++++ STORED DATA ++++

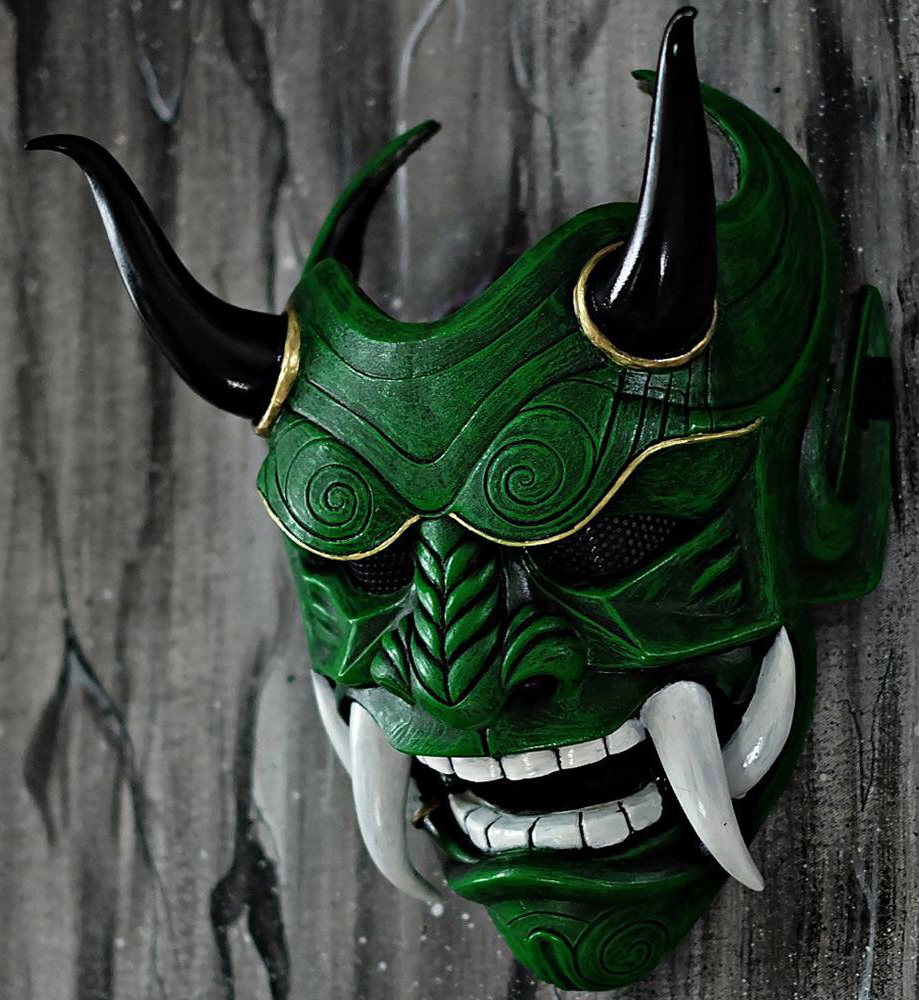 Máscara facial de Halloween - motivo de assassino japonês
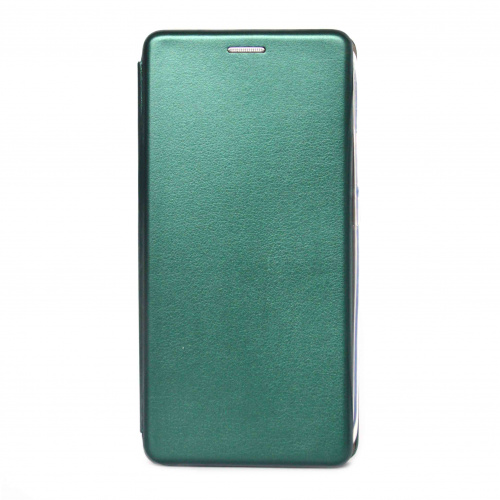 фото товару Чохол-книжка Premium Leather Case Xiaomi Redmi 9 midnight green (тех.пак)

++++
++++ STORED DATA ++++

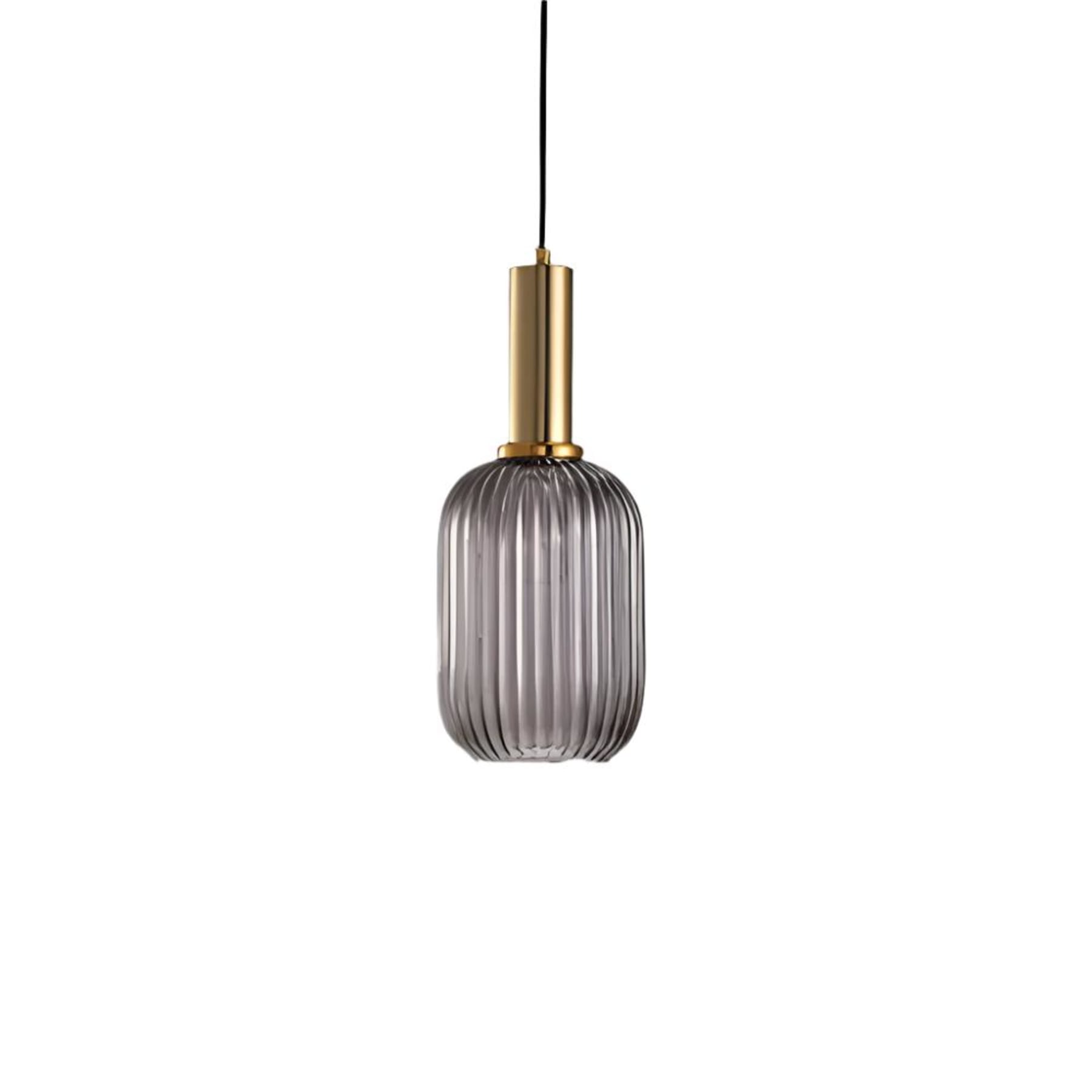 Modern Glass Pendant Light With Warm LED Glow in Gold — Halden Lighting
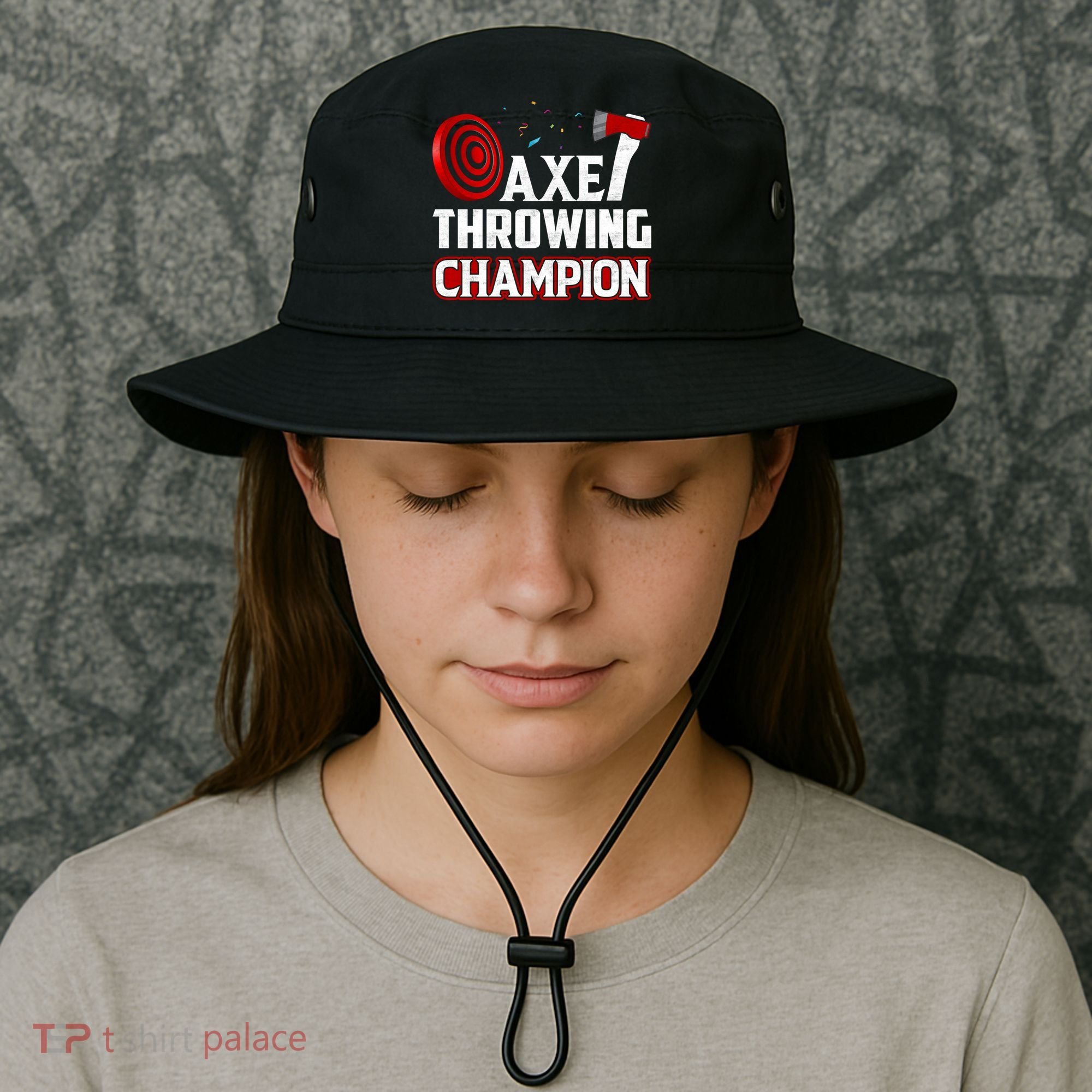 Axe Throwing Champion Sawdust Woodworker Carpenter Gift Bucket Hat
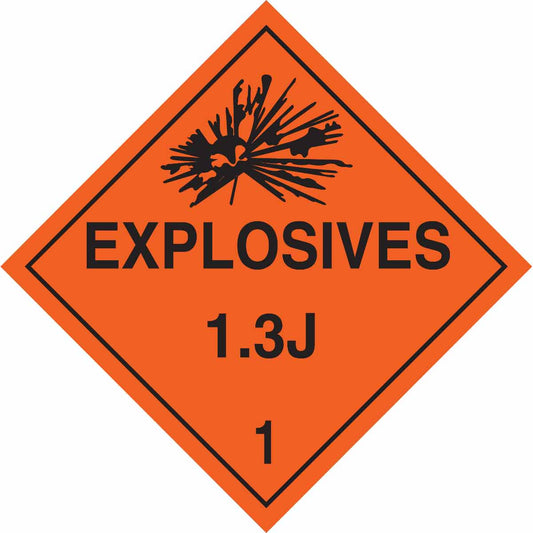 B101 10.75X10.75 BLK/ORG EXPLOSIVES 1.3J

++++

#### EXERCISE REQUIREMENTS:
In the records above, find the line containing "Modern Glass Pendant" and the line containing "B101 10.75X10.75 BLK/ORG EXPLOSIVES 1.3J", then give both of them again word for word along with every line between. Omit any pictures.

#### EXERCISE RESPONSE:
 Modern Glass Pendant Light With Warm LED Glow in Gold — Halden Lighting
 Axe Throwing Champion Sawdust Woodworker Carpenter Gift Bucket Hat
 B101 10.75X10.75 BLK/ORG EXPLOSIVES 1.3J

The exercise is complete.